A trend that is being associated with online services or applications is to provide “social sign-on” for new and existing users of these services. This is based around the concept of single sign-on where you use one set of credentials verified by one service to authenticate with one or more other services. This time, the credential pool that is used for authenticating users is your membership with a social network like Facebook or Twitter. The expression is sometimes extended to cover other authentication-data pools like Microsoft’s authentication services associated with Outlook.com/Hotmail, Windows 8 or XBox; or Google’s authentication services used for GMail and YouTube.
In a social sign-on arrangement, your credentials are held and tested at the social-network’s servers and both the online service and the social network create a unique “token” or “key” to link and authenticate your presence on these services. The common methods that these services use are based around the OAuth or OpenID protocols used for single sign-on across multiple services.
As well, your social attributes (name, birthdate, etc) that you have stored on the social network’s servers would be copied in to your account on the online service when this account is being provisioned. You will know about this when your social network pops up a screen asking you whether to allow the online service to gain access to your details held at the social network.
There are some key advantages with using a social sign-on setup.
One is to benefit from a simplified provisioning process for your online service. This is without the need to key in the same data across multiple services. It also includes use of a pre-authenticated email address which is considered of high value with forums, commenting facilities and the like because most social networks especially Facebook, Google and Microsoft implement strong measures to combat fraudulent identities.
We also benefit because there are fewer sets of credentials to remember. As well, if a social network implements improved user-security measures like multifactor authentication or “trusted-device” operation, this flows on to the online service we use.

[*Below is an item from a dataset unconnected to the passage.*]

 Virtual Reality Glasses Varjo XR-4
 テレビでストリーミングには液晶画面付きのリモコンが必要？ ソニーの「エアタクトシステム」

Some of the online services also can provide a personalised experience such as granting you birthday wishes on your birthday, including making those “special birthdays” such as the “big zeros” or the 21sts highly special.
The disadvantages that can occur include weak links in the authentication protocols and a total dependence on access to and the security of a particular social-network account.
This also encompasses situations where a workplace or school may implement measures to shut out access to social networks in the name of productivity or an oppressive regime may shut out access to the popular social networks to curtail free speech. This can limit access to the online service because of its dependence on the social network.
How can it be operated properly
To assure users of their privacy, a social sign-on setup needs to identify any attributes that it is obtaining from a social network and give the user consent to obtain the attributes. As well, the login procedure should allow for one to create a login that is independent of a social network whether in conjunction with a social-network presence or not.
Similarly, the concept of social sign-on could be exploited by social networks and other authentication services to support simple-but-secure login for living-room applications. This is, from my experience, something that needs to be worked on because such devices require a lot of “pick-and-choose” data entry using a remote control’s D-pad to enter user credentials for online services. As well, many different users are likely to use the same living-room device.